Month: August 2005

Markets in everything

Welsh expatriates missing the sweet smell of home can now buy a bottle of air from the hills of Wales – for £24.

Businessman John Gronow will launch walesinabottle.com on Thursday to sell Welsh atmosphere around the world.

Here is the full story, and thanks to Chris Tracey for the pointer.  And while we are on the "Markets in Everything" topic, did you know Sirius Satellite Radio is starting an all-Elvis channel?

Economists who revolutionized macroeconomics

This list is from my lecture Monday night:

David Hume: His essay on money, circa 1752, remains one of the best writings on the topic.  Honorable mention goes to Isaac Gervaise, who in 1734 outlined international mechanisms of adjustment.

Adam Smith: Growth is everything, no?

Thomas Malthus: A much underrated macroeconomist.  He grasped aggregate demand, and price-cost margins, not to mention the importance of demographics.

David Ricardo: Not an original macroeconomist, but he showed you could apply the quantity theory of money to the policy issues of the day.

Henry Thornton: Super-smart, he integrated the best of all previous macroeconomics without making an error.  He didn’t have much influence until Wicksell and the Austrians, however.

Knut Wicksell: He showed it was possible to have an integrated analysis of the real and monetary sectors of the economy.  He also anticipated about 90 percent of modern real business cycle theory.

John Maynard Keynes: If you want another perspective on him, read his monetarist Tract on Monetary Reform, or Essays in Biography, both masterpieces.

Milton Friedman: Many of his most important ideas were a resurrection of previous wisdom, most of all from Irving Fisher, but his practical influence has been vast. 

The 1979-1990 Theory Boom: We applied every idea in the toolbox — from game theory to adverse selection to imperfect competition — to macroeconomics.  But who gets the credit?

Next on the horizon: ?????  When it comes to high theory, we live in slow times.

Dark horse pick: Friedrich Hayek (or is it Mises?); even Paul Krugman is borrowing his ideas

Addendum: Wesley Clair Mitchell also deserves mention, and read the second comment below for other names.

Variety magazine on the Serenity movie

1. The movie is a "space oddity."

2. It feels like a TV production, even on the big screen.

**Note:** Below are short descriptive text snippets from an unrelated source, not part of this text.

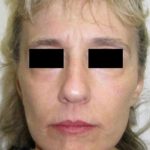 Facelift Before & After Patient #573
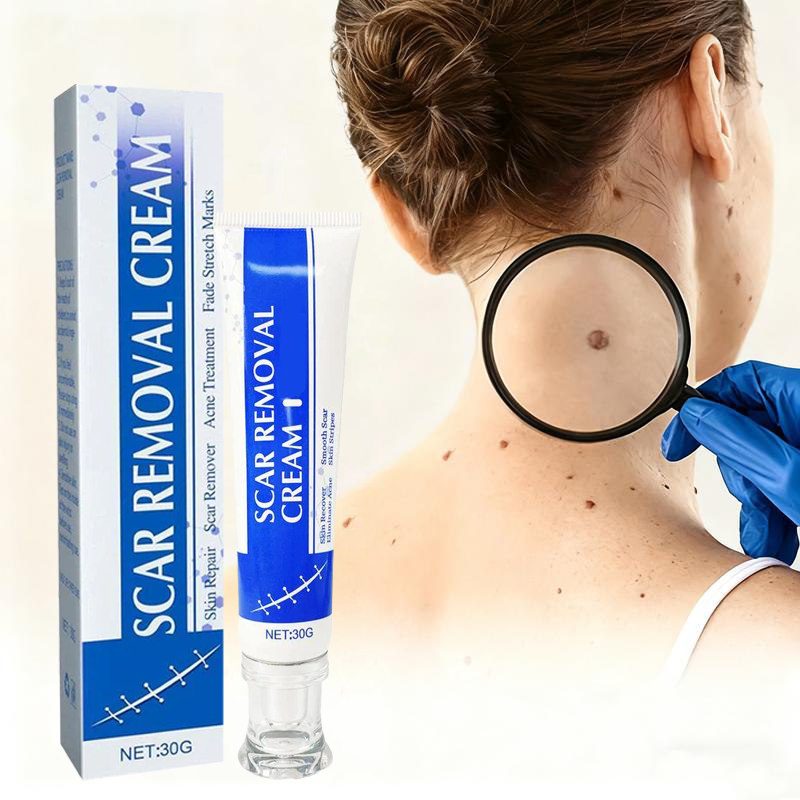 Chicluno Scar Removal Cream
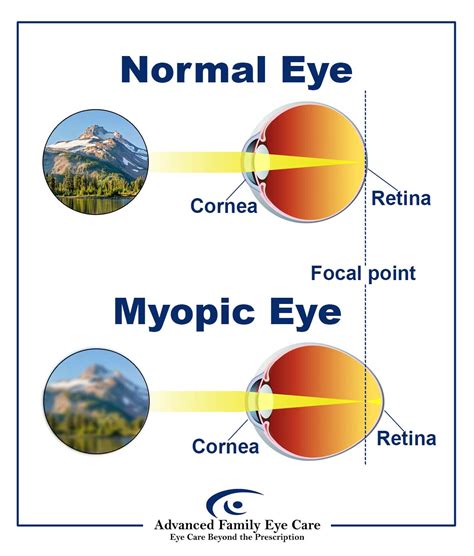 nearsighted vs farsighted which is more common - Charolette Malley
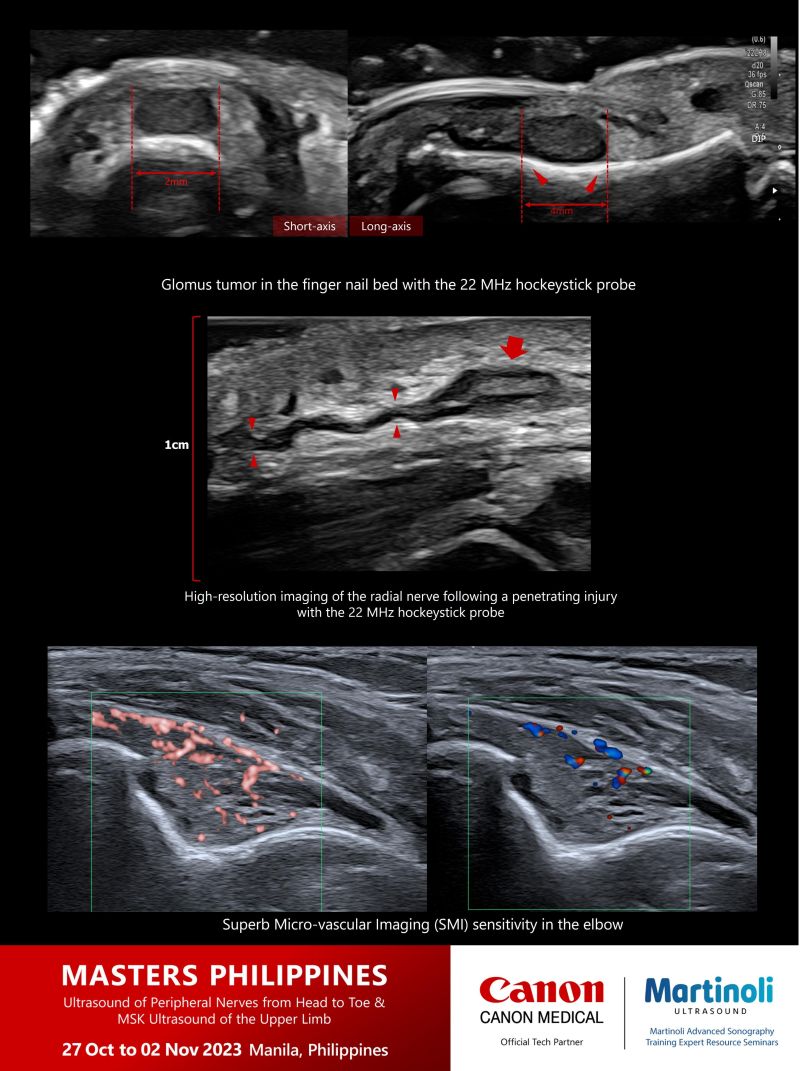 stephen bird ultrasound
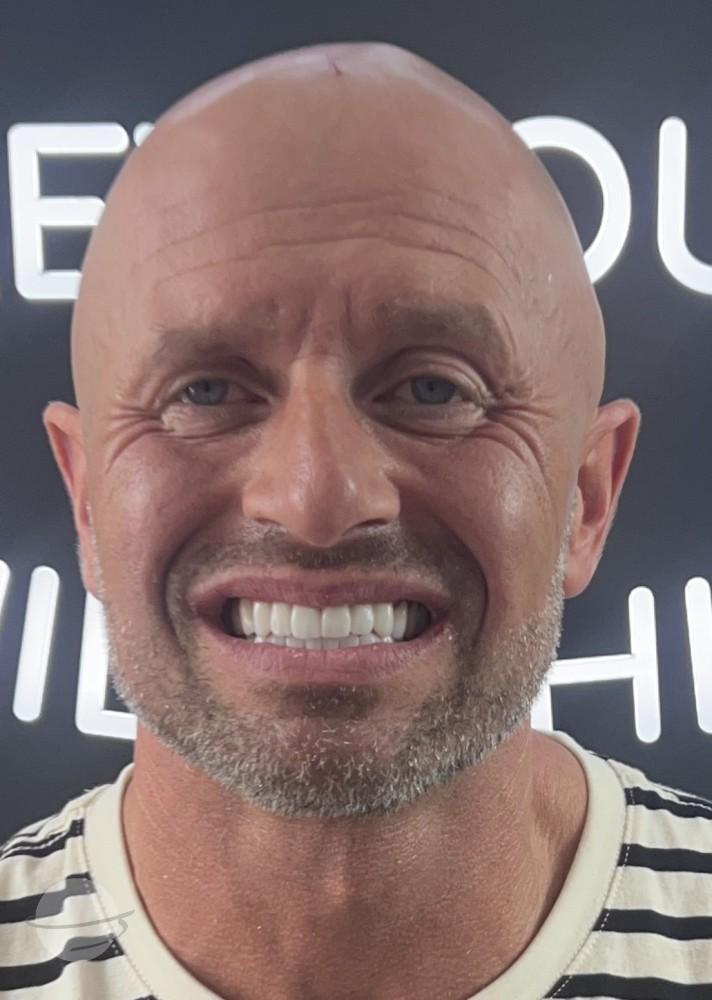 Risultato prima e dopo per Corone zirconio — Dentglow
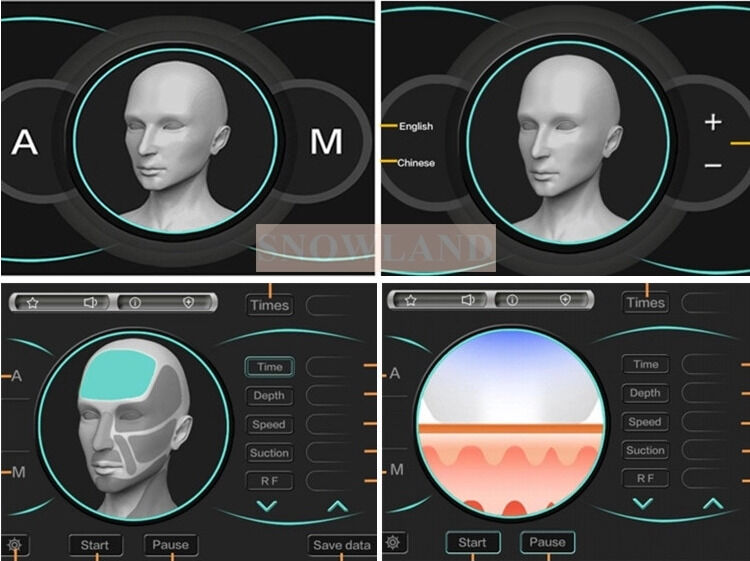 Halbleiter 808nm Laser Diode Laser Haarentfernung Maschine mit Hautkontakt Sensor Sicherstellung schneller Haarentfernung Behandlung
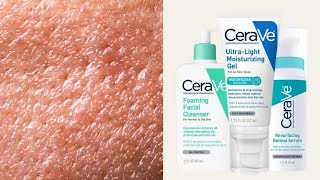 Top 5 CeraVe Skincare for Oily  Combination Skin Types [upl. by Cogswell]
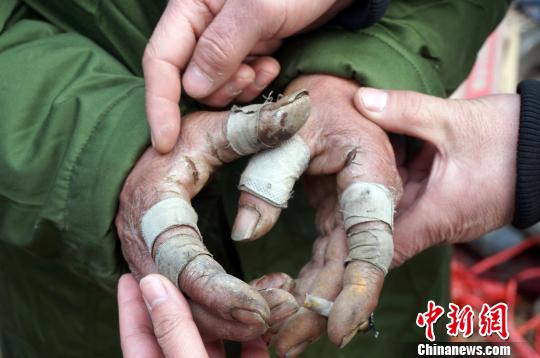 圖為由于常年拾荒，老人雙手布滿傷口。周小云 攝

3. It won’t take off without a big marketing push.

4. The cast has good chemistry and the movie has a strong human
dimension.  Yet by now many of the premises appear less than fresh.

5. The movie’s colors are dark and unappealing and the score is mediocre.

Variety reviews are usually reliable.  Unlike most
newspapers and magazines, they do not offer an aggregated and confusing
"weighted average" assessment of both quality and popularity.  Written
for insiders, the periodical tells you how good the movie is, how
popular it will be, which countries will like it (sometimes), and how
it will do on DVD.

If you are lost, here is background information on Serenity.  If you saw the movie on its brief early release, don’t put any spoilers in the comments.

Corruption in everything: renting your own baby

From Bangalore:

Just as the painful ordeal of childbirth finally ended and Nesam
Velankanni waited for a nurse to lay her squalling newborn on her
chest, the maternity hospital’s ritual of extortion began.

Before she even glimpsed her baby, she said, a nurse whisked the infant
away and an attendant demanded a bribe. If you want to see your child,
families are told, the price is $12 for a boy and $7 for a girl, a lot
of money for slum dwellers scraping by on a dollar a day. The practice
is common here in the city, surveys confirm.

A 1999 survey by the center found that 9 of 10 families whose relatives
gave birth in the hospitals reported paying a bribe, usually to see the
baby. The average amount paid has since dropped to $7 from about $16.
But 8 in 10 women still reported paying bribes in 2003 – to have their
baby delivered, to see the child after birth, to get their newborn
immunized or to obtain medicines that were supposed to be free.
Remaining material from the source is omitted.